*Instructions for the task*
Would you retype exactly the lines below, from the one containing "iberoamérica" through the end of the entries, both ends included, but not the pictures?

::: Supplied data :::

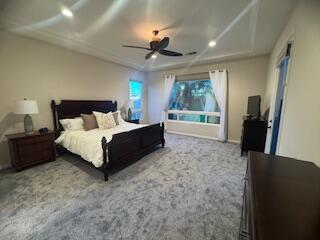 Building Photo - 52320 Silver Star Trail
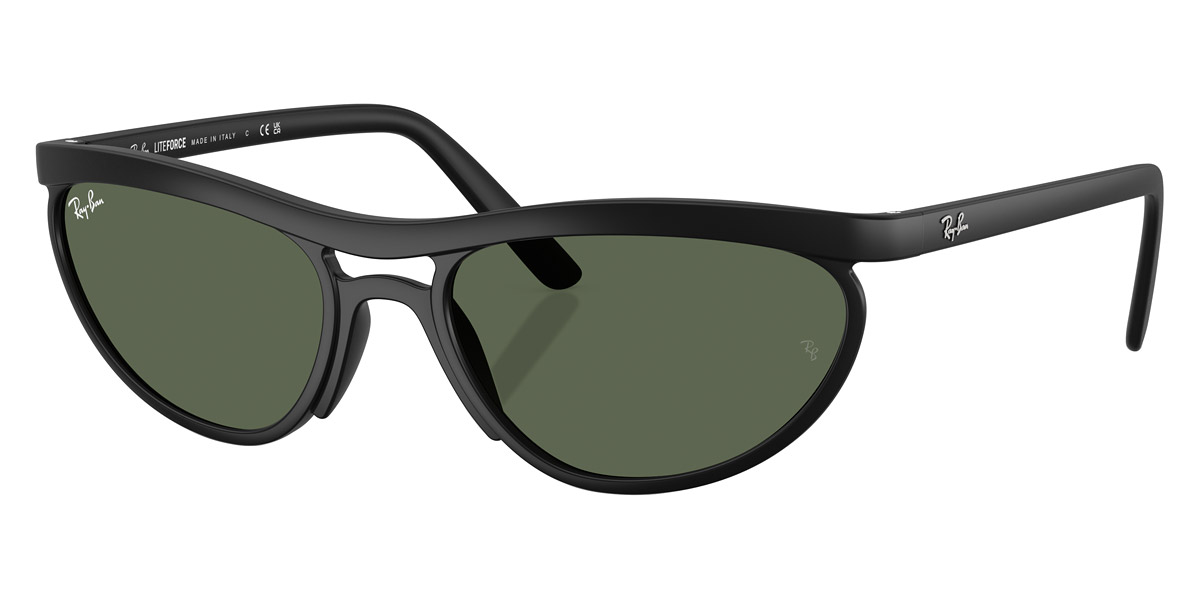 Ray-Ban™ - RB4453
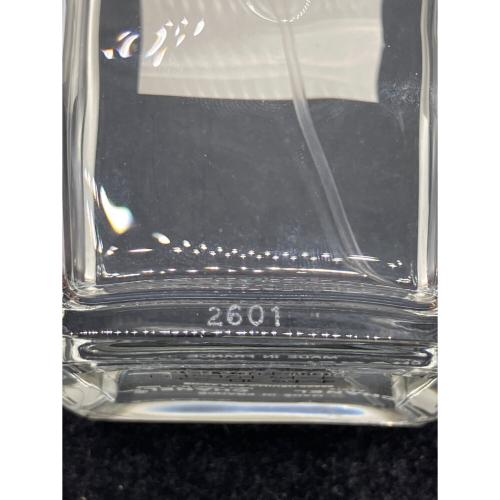 CHANEL (シャネル) オーデコロン 200ml 残量50%-80% オードゥコローニュ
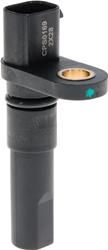 Hitachi Automotive Camshaft Position Sensors CPS0169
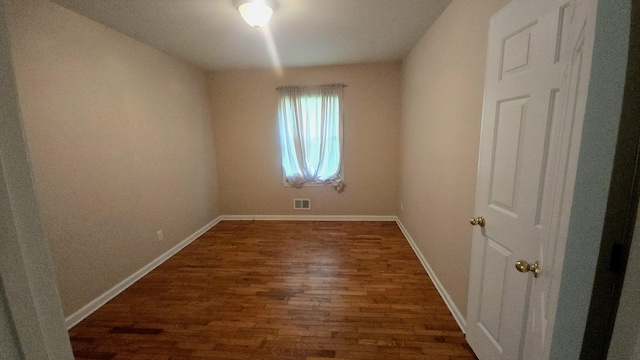 501 6th St, Lawrenceburg, TN 38464 - photo 8
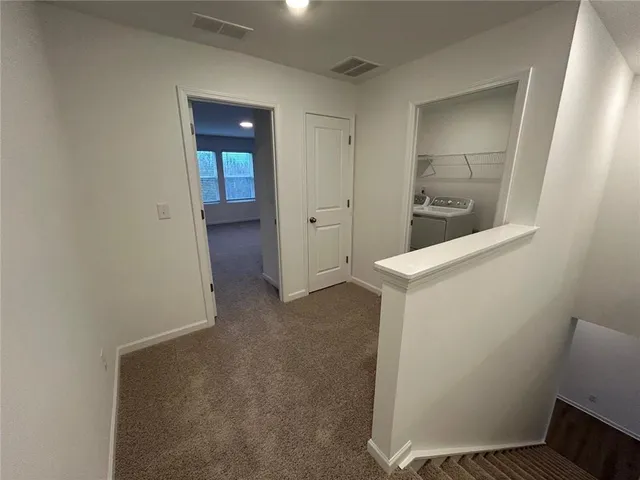 $2,500 | 207 Kinship Drive, Mableton, GA 30126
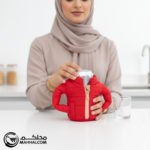 Puffin Beverage Jacket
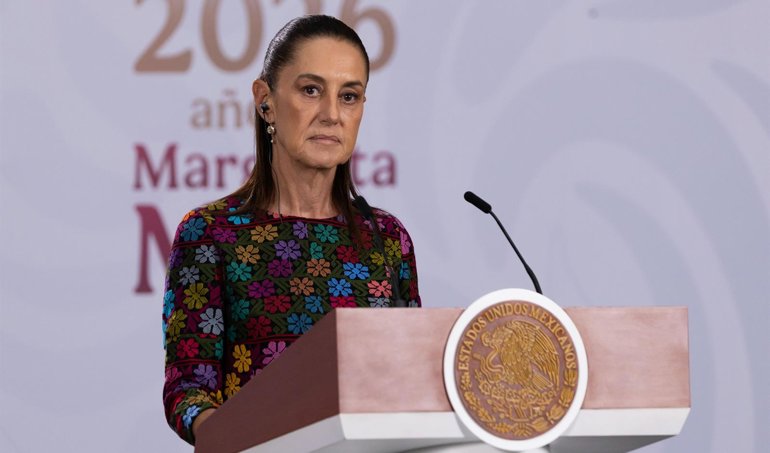 iberoamérica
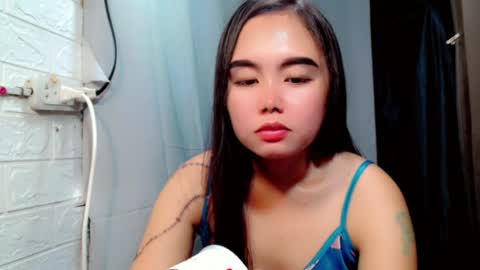 Laika online show from August 6, 2:21 am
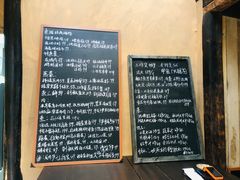 -素描餐厅(灵隐天竺店)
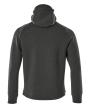 Mascot Kapuzensweatshirt, Reißverschluss Produktbild img3 S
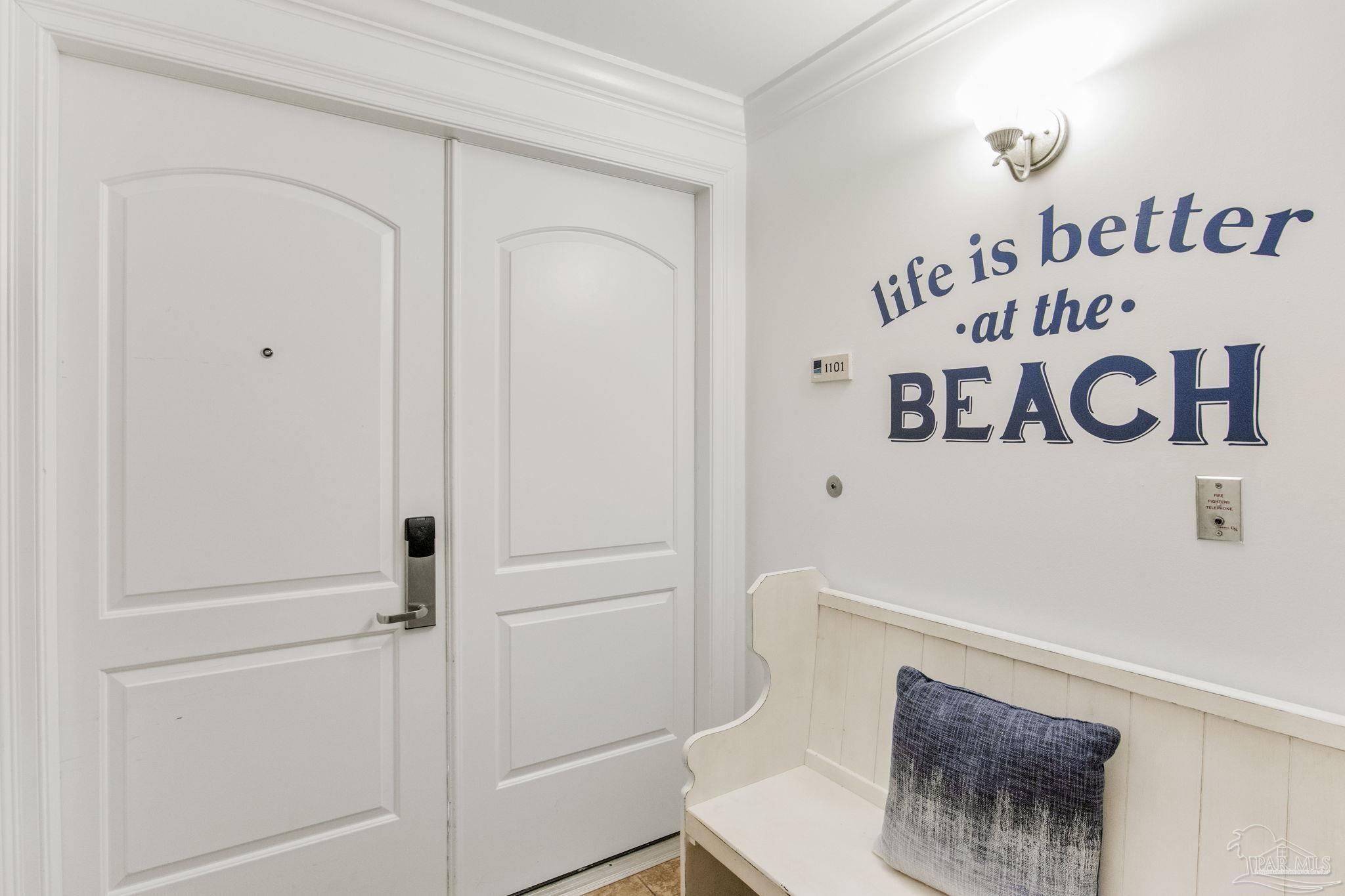 13621 Perdido Key Drive, Unit 1101W Perdido Key, FL 32507 - Photo 3 of 50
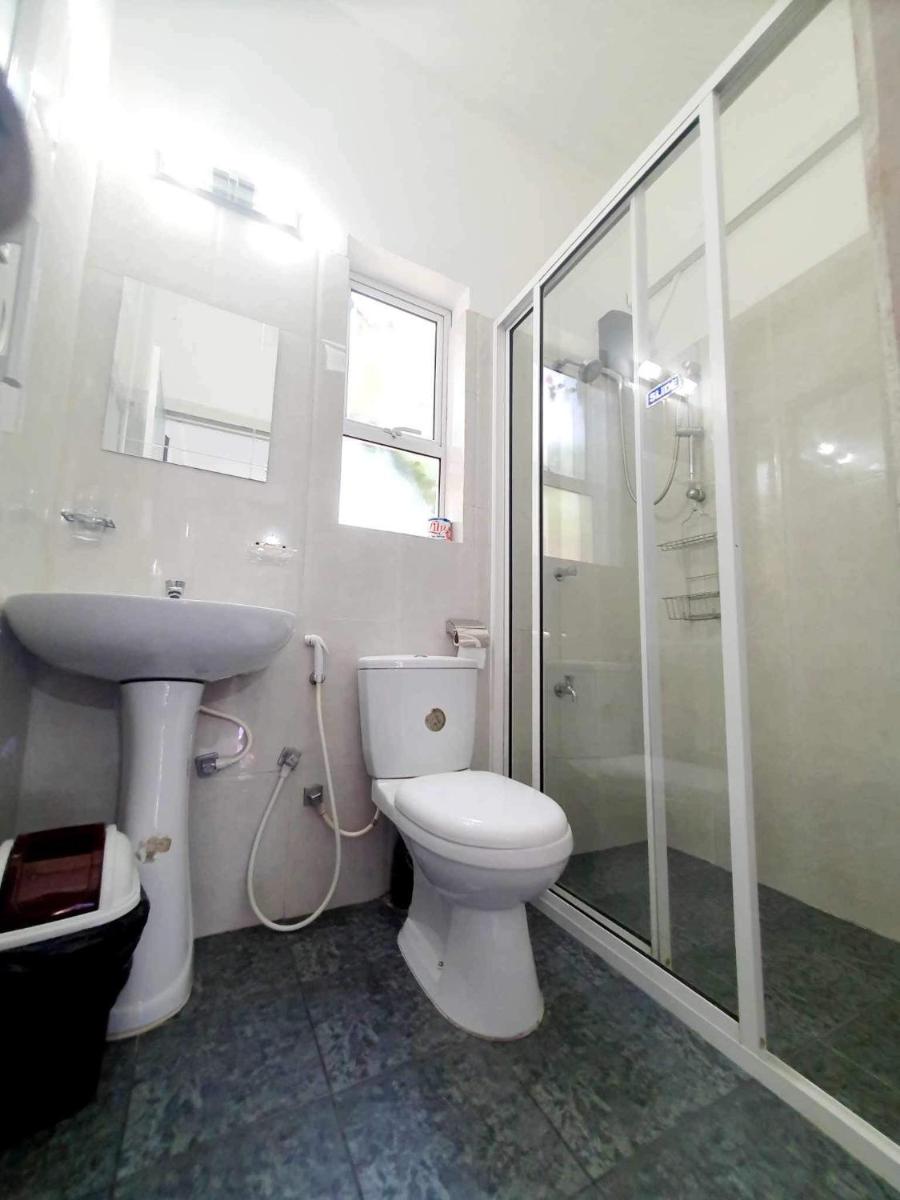Home From Home - Housity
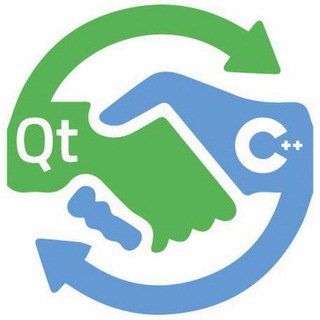 C++ / Qt Updates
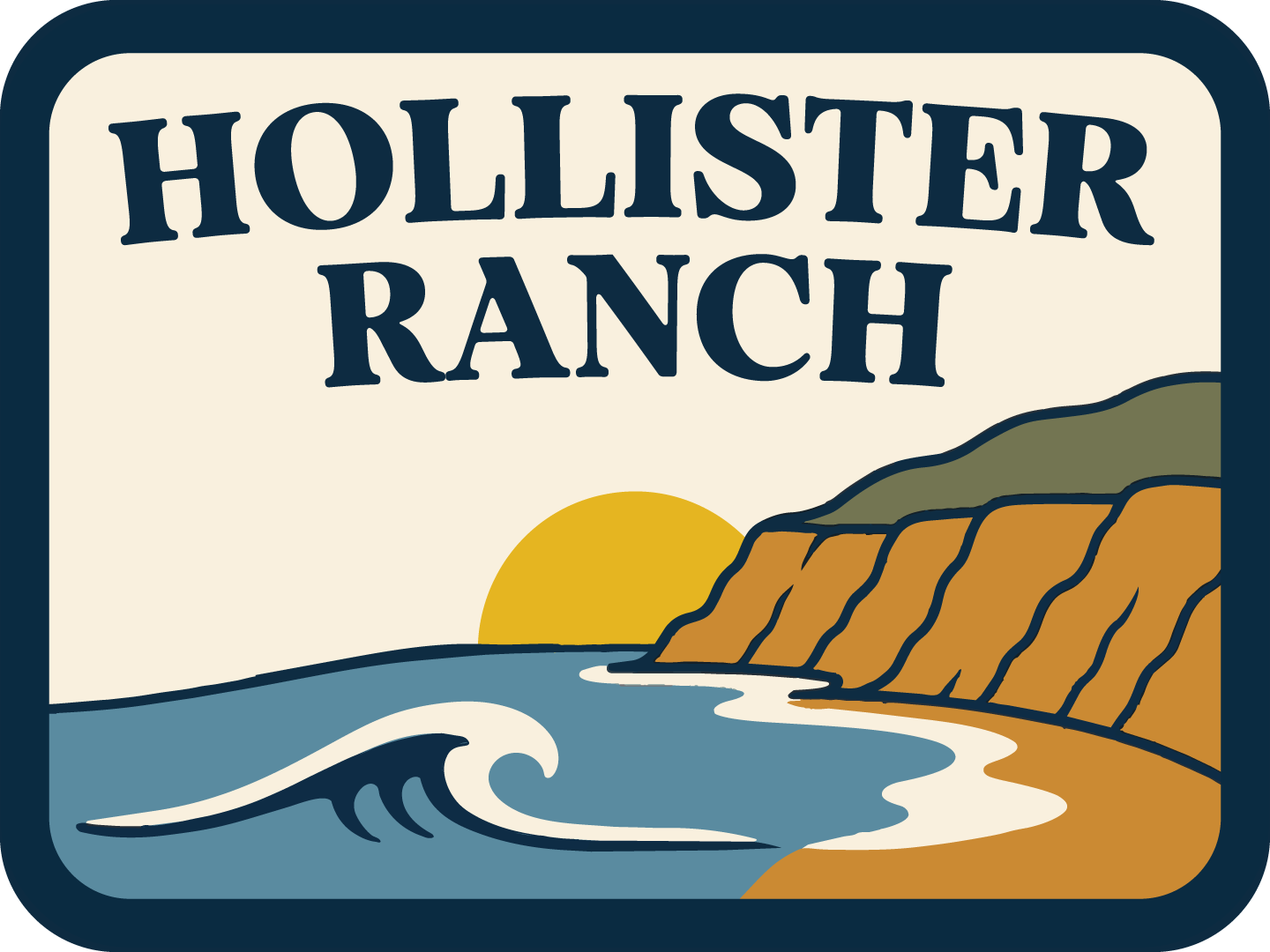 Hat-Patches-2.png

:::

*Solution to this problem*
 iberoamérica
 Laika online show from August 6, 2:21 am
 -素描餐厅(灵隐天竺店)
 Mascot Kapuzensweatshirt, Reißverschluss Produktbild img3 S
 13621 Perdido Key Drive, Unit 1101W Perdido Key, FL 32507 - Photo 3 of 50
Home From Home - Housity
 C++ / Qt Updates
 Hat-Patches-2.png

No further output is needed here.